Ugo Foscolo was having an affair with Marzia Martinengand this allowed him to appreciate Brescia, indeed, not only to appreciate, in some ways he fell in love with it so much that he cited it melancholy in several of his writings. He describes it as the city where the sun shines. This is a small excerpt from one of his letters to Marzia during her stay in Milan:

"May it be good that when I come to see you the good season will continue; I will see the divine light of day shine in your limpid climate, and spring caress the hills of Porta Torlonga"

Alessandro Manzoni and Adelchi

Brescia also appears in Manzoni's Adelchi. Written in 1820, it tells of the events of Ermengara, the daughter of the Lombard king Desiderio, repudiated by Charlemagne. Well, in the Adelchi it happens that Ermengarda dies as a refugee in the Monastery of Santa Giulia in Brescia.

Gioacchino Rossini

Rossini, in Stendhal's biography explains how the character fell in love with Italy thanks to his numerous visits to Milan and Brescia. He was struck and fascinated by the Teatro Grande so much that he wanted to build a similar theater too.


Credits: teatrogrande.it

D'Annunzio

The events of D'annunzio are definitely closer to the present day.

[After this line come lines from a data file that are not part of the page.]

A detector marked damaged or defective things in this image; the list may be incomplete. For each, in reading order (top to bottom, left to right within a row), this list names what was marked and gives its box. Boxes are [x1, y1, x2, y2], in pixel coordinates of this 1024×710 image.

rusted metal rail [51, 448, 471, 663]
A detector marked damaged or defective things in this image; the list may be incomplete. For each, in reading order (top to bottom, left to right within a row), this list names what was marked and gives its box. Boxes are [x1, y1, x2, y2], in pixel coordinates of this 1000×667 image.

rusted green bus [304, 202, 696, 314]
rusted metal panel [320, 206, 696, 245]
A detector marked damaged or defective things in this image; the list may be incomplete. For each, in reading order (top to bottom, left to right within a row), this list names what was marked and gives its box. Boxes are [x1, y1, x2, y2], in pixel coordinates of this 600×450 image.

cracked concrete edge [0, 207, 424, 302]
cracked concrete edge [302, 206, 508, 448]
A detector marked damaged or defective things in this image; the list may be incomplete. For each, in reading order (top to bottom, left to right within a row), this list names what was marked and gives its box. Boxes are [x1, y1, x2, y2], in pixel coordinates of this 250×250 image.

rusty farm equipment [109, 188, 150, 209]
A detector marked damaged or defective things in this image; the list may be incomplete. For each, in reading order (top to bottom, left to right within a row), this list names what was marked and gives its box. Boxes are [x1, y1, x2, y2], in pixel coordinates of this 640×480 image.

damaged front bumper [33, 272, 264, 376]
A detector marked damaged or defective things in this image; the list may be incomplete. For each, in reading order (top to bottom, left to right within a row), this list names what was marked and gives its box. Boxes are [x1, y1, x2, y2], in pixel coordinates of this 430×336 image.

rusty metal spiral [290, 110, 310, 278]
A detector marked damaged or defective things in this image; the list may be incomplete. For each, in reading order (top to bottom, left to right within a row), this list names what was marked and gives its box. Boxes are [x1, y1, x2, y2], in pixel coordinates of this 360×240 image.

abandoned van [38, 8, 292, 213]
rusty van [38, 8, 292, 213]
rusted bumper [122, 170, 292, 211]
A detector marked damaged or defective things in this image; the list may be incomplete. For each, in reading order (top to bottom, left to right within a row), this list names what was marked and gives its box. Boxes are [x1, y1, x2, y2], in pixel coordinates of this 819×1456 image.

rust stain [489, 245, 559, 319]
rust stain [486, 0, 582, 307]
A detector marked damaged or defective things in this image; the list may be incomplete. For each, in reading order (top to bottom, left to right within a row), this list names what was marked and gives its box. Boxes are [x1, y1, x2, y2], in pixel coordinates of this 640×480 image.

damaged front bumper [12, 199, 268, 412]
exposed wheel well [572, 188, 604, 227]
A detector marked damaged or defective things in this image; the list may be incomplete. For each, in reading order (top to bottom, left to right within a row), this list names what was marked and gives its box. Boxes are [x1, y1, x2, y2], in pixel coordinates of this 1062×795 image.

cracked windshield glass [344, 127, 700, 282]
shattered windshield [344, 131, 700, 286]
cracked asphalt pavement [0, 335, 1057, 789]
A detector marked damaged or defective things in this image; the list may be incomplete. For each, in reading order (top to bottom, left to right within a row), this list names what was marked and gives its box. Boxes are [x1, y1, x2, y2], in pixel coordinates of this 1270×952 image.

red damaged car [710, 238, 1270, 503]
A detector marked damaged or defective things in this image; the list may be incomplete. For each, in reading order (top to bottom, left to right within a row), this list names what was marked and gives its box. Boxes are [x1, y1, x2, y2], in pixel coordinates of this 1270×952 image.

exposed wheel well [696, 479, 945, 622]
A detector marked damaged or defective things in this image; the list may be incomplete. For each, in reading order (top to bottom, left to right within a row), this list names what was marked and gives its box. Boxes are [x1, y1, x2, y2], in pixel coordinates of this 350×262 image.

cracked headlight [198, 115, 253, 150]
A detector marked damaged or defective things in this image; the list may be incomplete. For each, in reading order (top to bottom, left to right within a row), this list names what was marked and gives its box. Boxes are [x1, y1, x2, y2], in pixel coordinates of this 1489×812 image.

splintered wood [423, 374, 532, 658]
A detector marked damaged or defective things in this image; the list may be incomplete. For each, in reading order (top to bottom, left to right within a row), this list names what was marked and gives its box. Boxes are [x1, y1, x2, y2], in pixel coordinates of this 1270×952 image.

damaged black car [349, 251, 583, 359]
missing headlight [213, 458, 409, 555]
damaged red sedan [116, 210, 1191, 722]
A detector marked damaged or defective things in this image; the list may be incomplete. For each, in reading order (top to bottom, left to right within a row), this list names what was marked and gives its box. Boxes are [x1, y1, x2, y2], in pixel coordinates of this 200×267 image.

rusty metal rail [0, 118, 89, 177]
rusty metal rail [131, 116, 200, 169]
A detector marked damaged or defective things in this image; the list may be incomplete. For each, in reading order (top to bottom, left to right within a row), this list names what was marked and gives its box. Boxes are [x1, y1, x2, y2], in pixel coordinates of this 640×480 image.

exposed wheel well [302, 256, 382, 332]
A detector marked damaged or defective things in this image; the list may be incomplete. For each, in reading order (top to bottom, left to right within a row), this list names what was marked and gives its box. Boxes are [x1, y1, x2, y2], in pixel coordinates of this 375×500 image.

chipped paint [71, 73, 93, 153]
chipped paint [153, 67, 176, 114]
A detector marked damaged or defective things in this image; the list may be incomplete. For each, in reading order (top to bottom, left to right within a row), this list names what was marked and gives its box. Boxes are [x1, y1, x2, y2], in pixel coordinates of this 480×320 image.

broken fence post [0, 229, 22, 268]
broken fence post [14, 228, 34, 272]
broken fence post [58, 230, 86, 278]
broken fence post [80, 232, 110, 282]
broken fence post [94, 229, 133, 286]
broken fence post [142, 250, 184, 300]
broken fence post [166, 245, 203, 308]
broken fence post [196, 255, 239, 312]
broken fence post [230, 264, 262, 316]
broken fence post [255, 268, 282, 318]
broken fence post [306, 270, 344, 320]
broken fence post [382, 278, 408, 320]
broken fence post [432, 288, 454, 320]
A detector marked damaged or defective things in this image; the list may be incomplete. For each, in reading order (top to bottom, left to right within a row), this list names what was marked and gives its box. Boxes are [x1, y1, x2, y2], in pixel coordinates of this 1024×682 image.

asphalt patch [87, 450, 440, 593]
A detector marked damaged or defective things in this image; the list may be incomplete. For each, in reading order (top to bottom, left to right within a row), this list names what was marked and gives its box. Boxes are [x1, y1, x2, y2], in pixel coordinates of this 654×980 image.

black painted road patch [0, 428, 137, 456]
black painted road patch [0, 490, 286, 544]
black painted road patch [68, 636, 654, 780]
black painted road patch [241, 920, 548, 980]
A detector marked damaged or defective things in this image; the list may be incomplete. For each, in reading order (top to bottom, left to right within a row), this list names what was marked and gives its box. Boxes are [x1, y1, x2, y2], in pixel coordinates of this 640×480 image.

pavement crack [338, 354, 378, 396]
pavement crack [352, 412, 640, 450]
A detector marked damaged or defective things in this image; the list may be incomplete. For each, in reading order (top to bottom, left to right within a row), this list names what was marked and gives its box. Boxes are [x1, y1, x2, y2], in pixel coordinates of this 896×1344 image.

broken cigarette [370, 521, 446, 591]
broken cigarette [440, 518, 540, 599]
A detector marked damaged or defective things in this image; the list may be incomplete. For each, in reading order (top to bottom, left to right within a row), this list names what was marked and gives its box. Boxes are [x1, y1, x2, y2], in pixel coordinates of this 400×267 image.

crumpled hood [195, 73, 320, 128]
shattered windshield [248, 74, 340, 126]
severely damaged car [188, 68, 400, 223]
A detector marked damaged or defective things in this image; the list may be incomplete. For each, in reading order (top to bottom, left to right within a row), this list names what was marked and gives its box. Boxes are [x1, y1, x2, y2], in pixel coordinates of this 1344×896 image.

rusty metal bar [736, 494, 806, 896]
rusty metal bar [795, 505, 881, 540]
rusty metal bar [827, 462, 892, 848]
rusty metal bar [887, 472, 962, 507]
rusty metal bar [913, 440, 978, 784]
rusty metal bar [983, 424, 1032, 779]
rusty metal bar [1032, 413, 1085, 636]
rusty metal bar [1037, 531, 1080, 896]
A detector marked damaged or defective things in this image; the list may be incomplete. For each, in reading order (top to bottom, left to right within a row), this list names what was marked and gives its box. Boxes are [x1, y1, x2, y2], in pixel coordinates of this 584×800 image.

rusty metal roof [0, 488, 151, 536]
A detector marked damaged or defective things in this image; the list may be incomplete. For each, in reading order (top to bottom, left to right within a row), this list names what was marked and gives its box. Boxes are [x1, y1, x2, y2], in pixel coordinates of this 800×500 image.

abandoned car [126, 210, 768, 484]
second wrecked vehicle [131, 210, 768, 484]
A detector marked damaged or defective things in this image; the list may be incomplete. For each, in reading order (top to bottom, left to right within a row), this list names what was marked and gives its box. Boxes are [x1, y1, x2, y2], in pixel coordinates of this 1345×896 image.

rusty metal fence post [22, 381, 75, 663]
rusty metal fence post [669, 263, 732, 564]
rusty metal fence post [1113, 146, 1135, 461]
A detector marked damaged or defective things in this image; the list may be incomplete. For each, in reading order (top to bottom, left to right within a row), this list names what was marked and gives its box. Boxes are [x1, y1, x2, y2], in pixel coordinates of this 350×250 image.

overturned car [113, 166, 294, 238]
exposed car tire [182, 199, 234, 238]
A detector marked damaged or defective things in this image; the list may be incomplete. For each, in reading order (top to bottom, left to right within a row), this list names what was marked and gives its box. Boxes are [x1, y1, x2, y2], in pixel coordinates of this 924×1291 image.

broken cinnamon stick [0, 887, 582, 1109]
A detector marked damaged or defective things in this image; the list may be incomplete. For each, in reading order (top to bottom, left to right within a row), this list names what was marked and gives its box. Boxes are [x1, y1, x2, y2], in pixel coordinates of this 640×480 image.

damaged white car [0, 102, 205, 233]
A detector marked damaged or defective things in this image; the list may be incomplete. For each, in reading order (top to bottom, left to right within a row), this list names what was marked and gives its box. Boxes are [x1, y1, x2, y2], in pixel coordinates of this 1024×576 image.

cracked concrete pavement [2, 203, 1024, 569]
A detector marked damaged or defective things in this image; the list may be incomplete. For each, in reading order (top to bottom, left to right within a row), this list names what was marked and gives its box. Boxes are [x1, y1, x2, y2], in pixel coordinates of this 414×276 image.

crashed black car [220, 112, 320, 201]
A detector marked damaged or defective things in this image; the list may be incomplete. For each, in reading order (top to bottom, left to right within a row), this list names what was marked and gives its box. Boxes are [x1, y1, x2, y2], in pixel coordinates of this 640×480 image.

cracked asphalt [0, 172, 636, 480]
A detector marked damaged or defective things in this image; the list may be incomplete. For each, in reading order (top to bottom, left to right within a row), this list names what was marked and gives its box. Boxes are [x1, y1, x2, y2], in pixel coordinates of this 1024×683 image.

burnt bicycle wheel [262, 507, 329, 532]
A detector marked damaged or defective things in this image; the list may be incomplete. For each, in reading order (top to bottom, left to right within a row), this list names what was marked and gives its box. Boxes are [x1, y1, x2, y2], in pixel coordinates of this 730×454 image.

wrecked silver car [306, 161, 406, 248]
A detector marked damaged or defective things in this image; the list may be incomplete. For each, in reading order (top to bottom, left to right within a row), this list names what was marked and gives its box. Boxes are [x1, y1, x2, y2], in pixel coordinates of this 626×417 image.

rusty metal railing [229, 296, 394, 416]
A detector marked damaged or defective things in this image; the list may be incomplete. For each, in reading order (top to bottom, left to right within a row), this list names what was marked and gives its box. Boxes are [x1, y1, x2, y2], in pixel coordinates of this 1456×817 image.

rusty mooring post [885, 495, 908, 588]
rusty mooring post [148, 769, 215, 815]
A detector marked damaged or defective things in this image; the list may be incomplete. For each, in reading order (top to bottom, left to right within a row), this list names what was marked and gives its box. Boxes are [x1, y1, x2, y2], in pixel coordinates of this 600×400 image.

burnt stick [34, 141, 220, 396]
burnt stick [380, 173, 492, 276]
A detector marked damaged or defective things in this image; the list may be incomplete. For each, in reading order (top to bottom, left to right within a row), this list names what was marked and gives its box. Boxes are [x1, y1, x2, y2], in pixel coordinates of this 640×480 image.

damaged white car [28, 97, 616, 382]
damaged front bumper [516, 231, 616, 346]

I imagine that the Vittoriale in Gardone Riviera is quite well known. Called “Vittoriale to the Italians”Is a complex of buildings, roads, waterways built by D'Annunzio to commemorate his life and the enterprises of the Italians during the First World War.


For simplicity it is not called "Vittoriale alle Italiani" but we tend to call it only "Vittoriale" referring to the house of D'annunzio. Among other things, the villa was bought by a German intellectual and was previously called Villa Cargnacco.

Credits: codau.it

The relationship between Brescia and D'annunzio is also evident from some novels he wrote.

The novel "Maybe yes, maybe no”Set in Brescia and starring an aviator, given D'Annunzio's passion for flying.

Finally, he wrote the poem "Brescia" dedicated to the Winged Victory, a statue at that time located in the capitolium)

Corrado Alvaro

Still in a relatively short period from the current one, I am talking about 1932, Corrado Alvaro participates in the inauguration of Piazza Vittoria with Mussolini climbing the Arengario. Corrado Alvaro describes Brescia as beautiful, bright and white.